Global mobile ad network InMobi’s latest study of consumer attitudes toward mobile advertising shows Australian smartphone users are the world’s most receptive to mobile ads.
If you find yourself distracted, irritated or dumbfounded by the advertisements you see on your smartphone, then here’s a newflash: you just might be in the minority. A new global survey released today by independent mobile ad network InMobi concludes that Australian mobile users are the most comfortable with mobile advertising of any country in the world.
A Global Perspective on Mobile Advertising, which surveyed over 20,000 mobile users across 14 countries, found that 75 per cent of Australian user participants were comfortable with the ads they see on their mobile devices (“very” rating 48%, with “somewhat” at 25%), which puts the nation a whole 12 percentage points higher than North American users, and six and seven per cent higher respectively than users in Asia and Europe.
So the question is: what accounts for our heightened degree of receptivity? Why are we so much more accepting of ads on our mobiles – especially when they’re still generally perceived (anecdotally at least) to be a hindrance or a distraction?
If there’s an app for everything, then why not an ad too? Smartphone ads aren’t going away, and InMobi’s new study reveals Australians users are as receptive as they come.
The answer appears to lie in the quality of the devices we’re using. Rampant smartphone adoption in Australia over the past few years has seen accelerated uptake of newer, better models – with larger screens and best-of-breed mobile functionality – which all helps to enable advertisers to serve up more engaging, creative and interactive ways to get your attention.
As James Lamberti, Vice President of Research an Marketing at InMobi, puts it: “Australians are highly accepting of mobile advertising likely due to the immersive and rich experiences available on the iPhone, and more recently Android, devices that prevail in this highly evolved market.”
Ad impression share in the period surveyed (July to December 2010) was led by the iPhone OS (with 41.6% share), followed by Symbian OS (18.8% but falling), then Android (10.3% and growing fast), Nokia OS (4.6%), BlackBerry (1.4%) and Windows Mobile on a slim 0.2%.

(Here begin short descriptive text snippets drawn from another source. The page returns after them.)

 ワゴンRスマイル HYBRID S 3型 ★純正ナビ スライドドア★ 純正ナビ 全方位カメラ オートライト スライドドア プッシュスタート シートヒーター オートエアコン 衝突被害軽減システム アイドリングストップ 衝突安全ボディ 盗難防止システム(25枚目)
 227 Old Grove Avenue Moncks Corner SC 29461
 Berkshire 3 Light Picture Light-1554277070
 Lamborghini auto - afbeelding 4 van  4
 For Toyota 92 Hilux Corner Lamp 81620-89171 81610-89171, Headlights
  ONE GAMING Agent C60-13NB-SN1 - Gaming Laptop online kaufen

The iPhone OS’s 41.6% share of ad impressions in Australia is significantly greater than in North America (19% share) and Europe (30%). Surag Patel, InMobi’s Director of Global Research, who presented the survey’s findings in Sydney today (alongside Rob Marston, Regional Director Pacific) suggested that the iPhone’s multi-carrier launch in Australia had propelled consumer adoption of the device in this country, which in turn feeds ad impression share to this point.

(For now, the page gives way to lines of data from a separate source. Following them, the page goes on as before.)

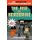 The Rise of Herobrine - An Unofficial Overworld Adventure, Book Three (Paperback): Danica Davidson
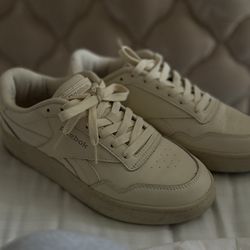Reebok Women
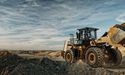 Ausdrill shares soar high on report justifying Barminco acquisition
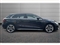 Audi A3 Image 4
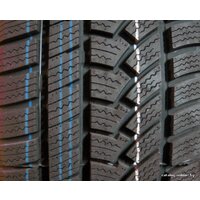 HI FLY Win-Turi 212 205/55R17 95H- фото3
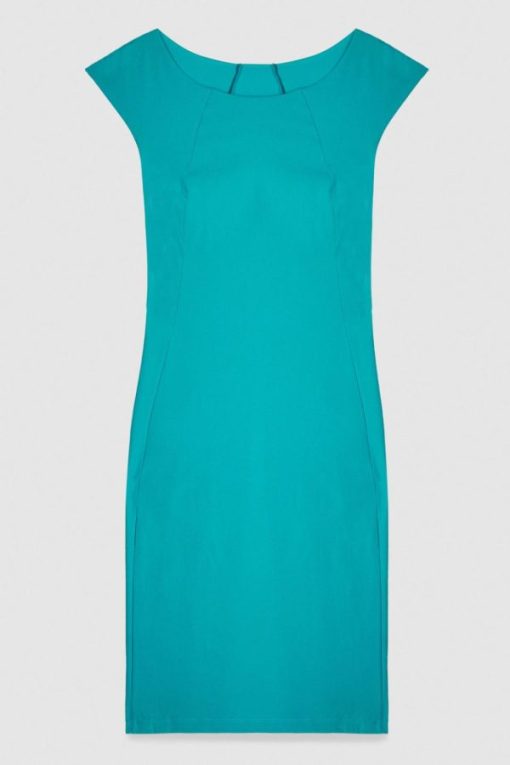 Amsterdammode.shop63508ea95e 5
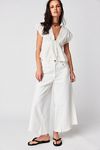 Solid Landy Top Free People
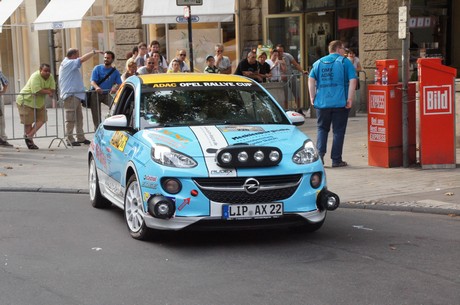 adac-rallye-deutschland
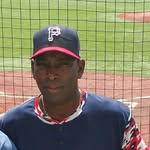 Wayne Dickerson - @waynedickerson1 - Instagram
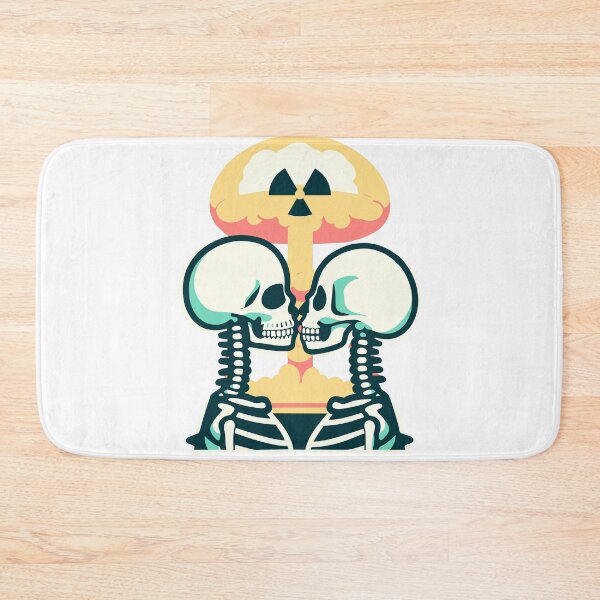 Item preview, Love is love - The kiss of death designed and sold by Felix-Designer.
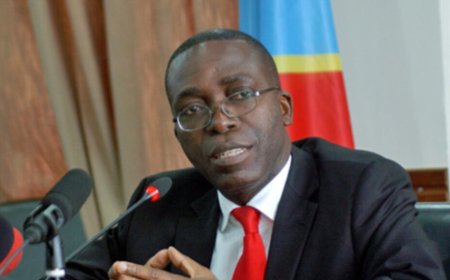 Dossier Bukangalonzo : Matata Ponyo recadre le procureur général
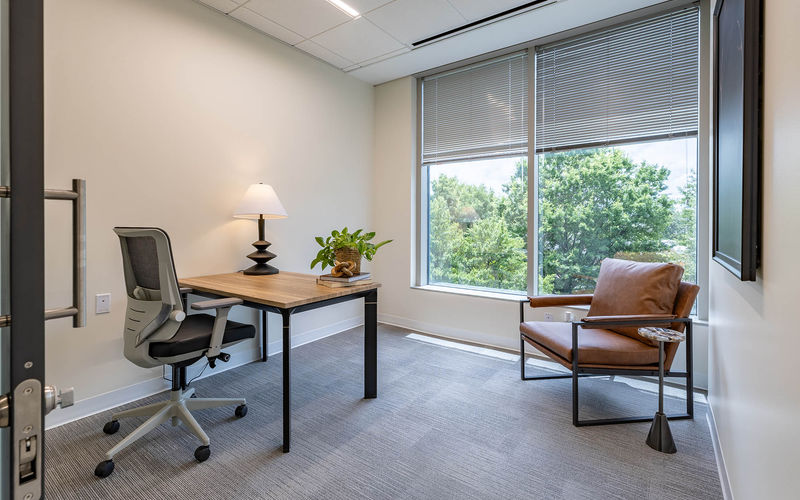 121 Perimeter Center W, Atlanta Image 1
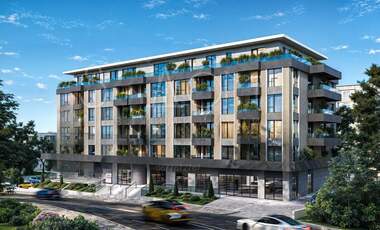 For sale - Apartment in Kazanski,  Stara Zagora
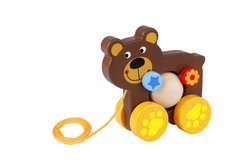 brinquedo-madeira-educativo-puxar-urso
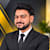 Gaurav M
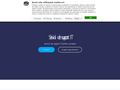 webnetsoft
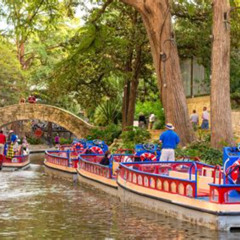 Best Things To Do As A Family In San Antonio Tx Tours Reviews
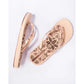 Ipanema Anat Nature VIII W 83650 BD577 flip-flops Footwear/Lifestyle/Ipanema Your Sports Performance
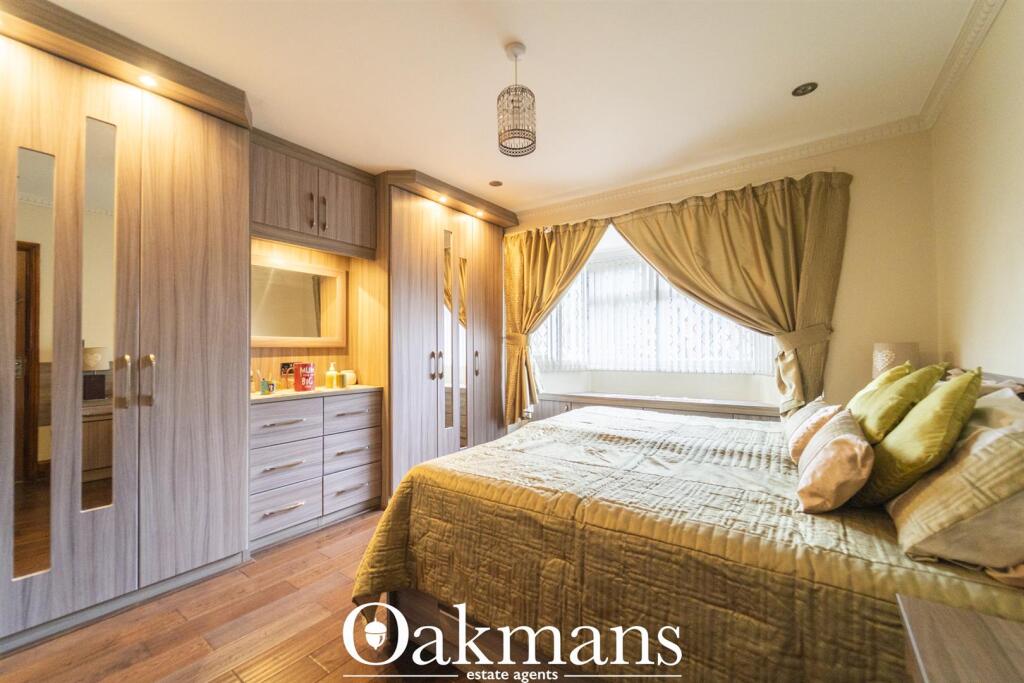 JAM00905.jpg
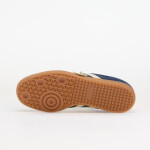 Tenisky adidas Samba OG Night Indigo/ Warm Vanilla/ Gum 2 EUR 43 1/3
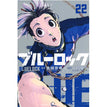 Vol.22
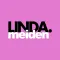 LINDA.meiden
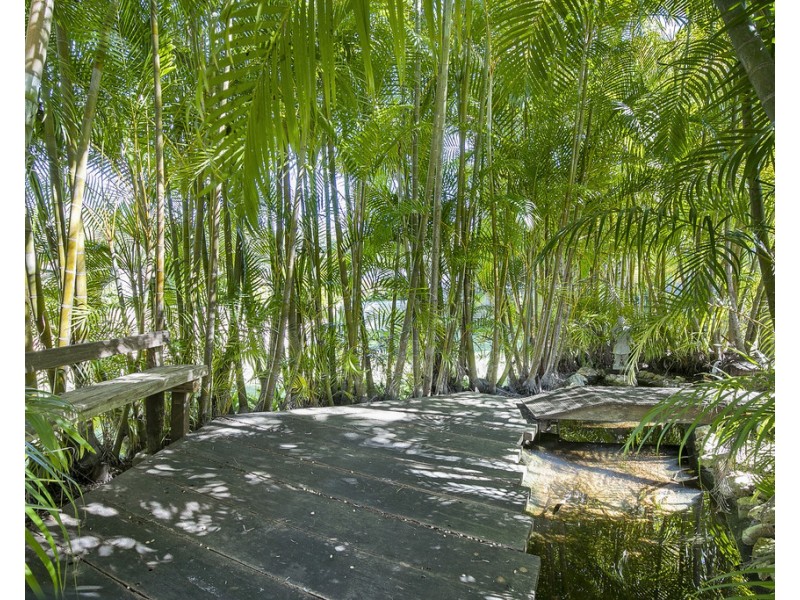 10 Lanreath Court, Alexandra Hills QLD 4161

The study found male Australian mobile users are slightly more comfortable with mobile ads popping up on their devices than their female counterparts (77% compared against 71%). Younger users (under 25) in Australia are just slightly more receptive to mobile ads than users aged 25-44 (75% against 73%). Female users are significantly more likely to respond to viral campaigns, being significantly more likely to share ad content than male users (44% to 25%).

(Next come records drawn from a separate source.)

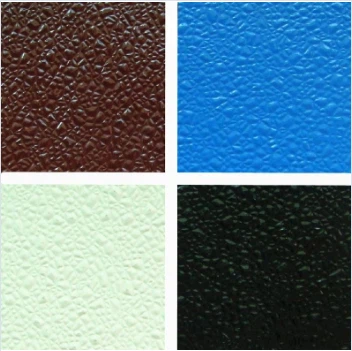 Frp Panels Rūma horoi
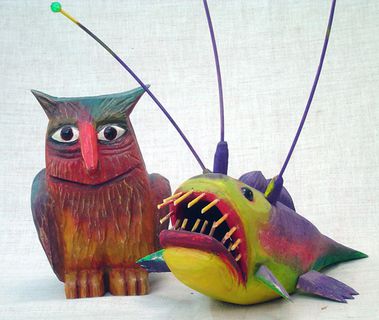 Portfolio image from julia_ehrt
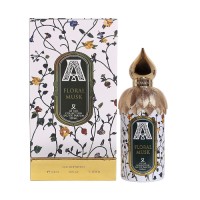 духи attar collection floral musk (копия) 100 ml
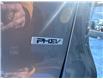 2025 Kia Niro Plug-In Hybrid EX Premium (Stk: 25105) in Petawawa - Image 10 of 32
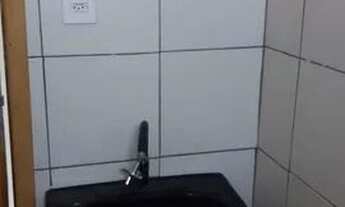 Imagem 6: Apts Apartamento com 2 dormitórios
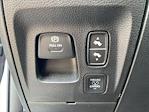 New 2025 Ram 1500 Big Horn Crew Cab 4x4 Pickup for sale #M70414 - photo 25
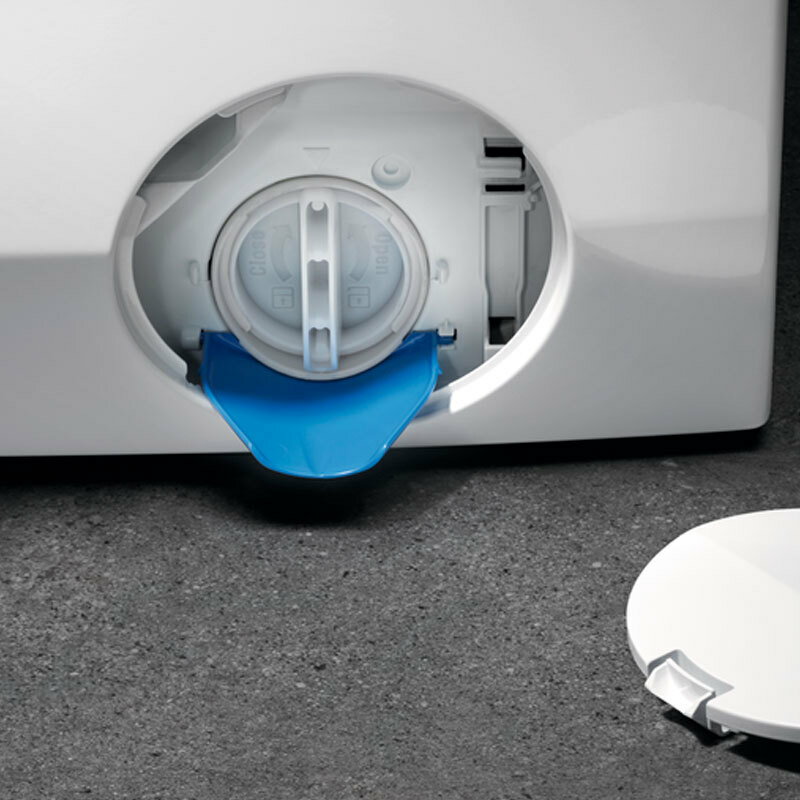 Lavadora AEG L6FBI147P 10Kg (4)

The key perceived benefit of mobile ads from an Australian consumer’s point of view is that they introduce the user to “something new”, which underscores the importance of burst campaigns for major brands buying in to digital media. And looking ahead, increasingly personalised ads tailored to the individual may well be the way of the future, as survey participants indicated a preference for personalisation over other advertiser incentives, such as free ad-sponsored apps or even reduced phone bills.